Bizim başka bir sorunumuz daha var, o da birileri ordu içinde etkili olmak için örgütlenme çabasından vazgeçmiyor.
Şu artık çok açık bir gerçek: Yönetime el koyma kavgası verenler bu kavgayı önce TSK içinde veriyorlar.
Darbelerin anası olan 27 Mayıs, bir grup askerin giriştiği bir kalkışmaydı, cuntacılar önce TSK yönetimine el koydu, askerleri emekli etti, beraberinde ülke yönetimine el koydu.
12 Mart muhtırasından üç gün önce Madanoğlu grubu Milli Demokratik Devrim yapmak için cuntaya kalkıştı, başarılı olamayınca diğer askerler tarafından tasfiye edildi.

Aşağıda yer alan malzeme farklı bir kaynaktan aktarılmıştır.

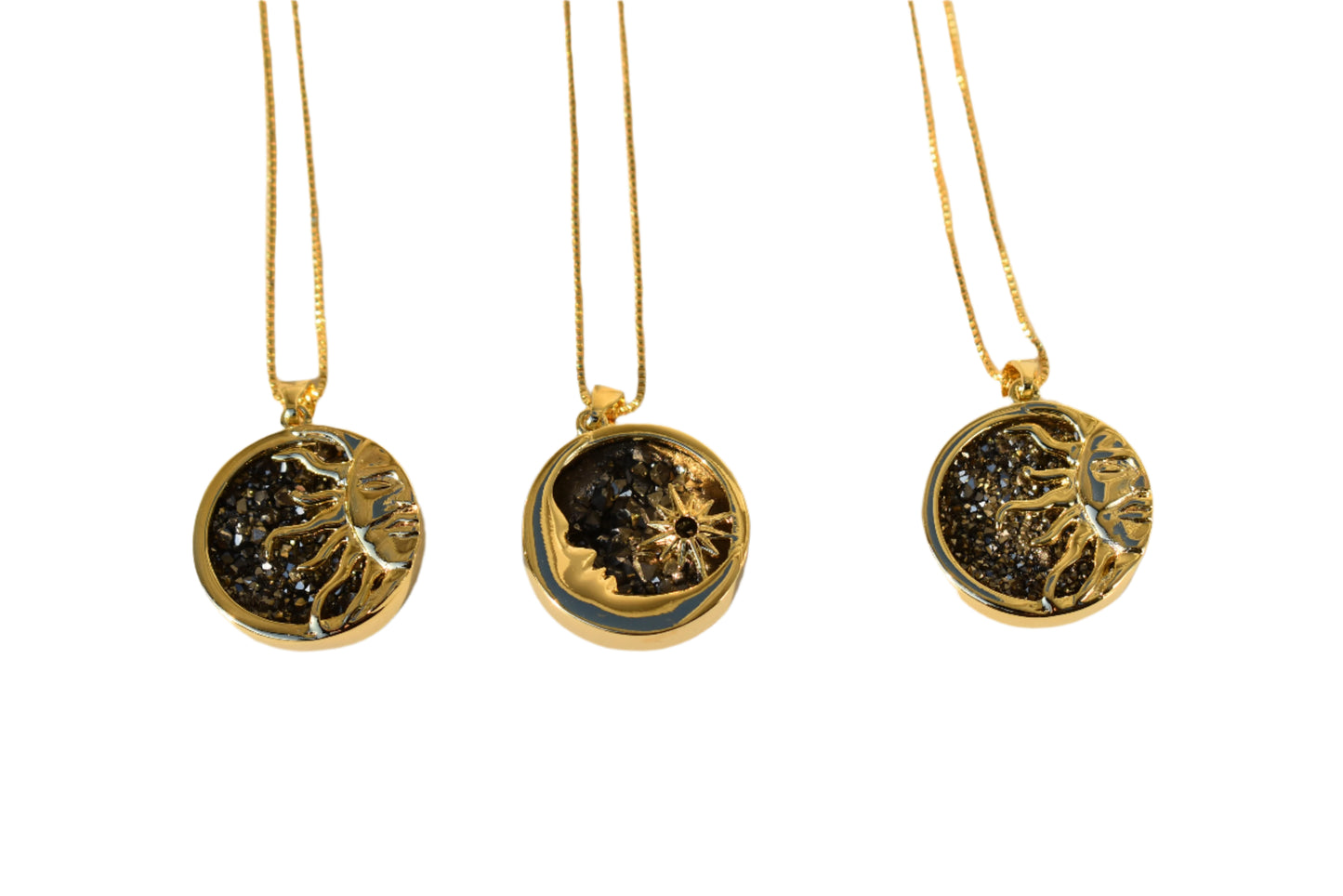 Pyrite Moon & Sun Necklace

Bunun gibi ordu içindeki çekişmenin başka fiili örnekleri de var...
27 Nisan’a giden süreçte etkili olanların önemli bir kısmı sonradan Ergenekoncu diye adlandırıldı ve davalara konu oldu. 15 Temmuz’a giden süreçte ise FETÖ’cüler Ergenekoncu diye ekarte ettikleri askerlerin yerine etkili konumları aldılar, sonra ülke yönetimine el koymaya kalkıştılar.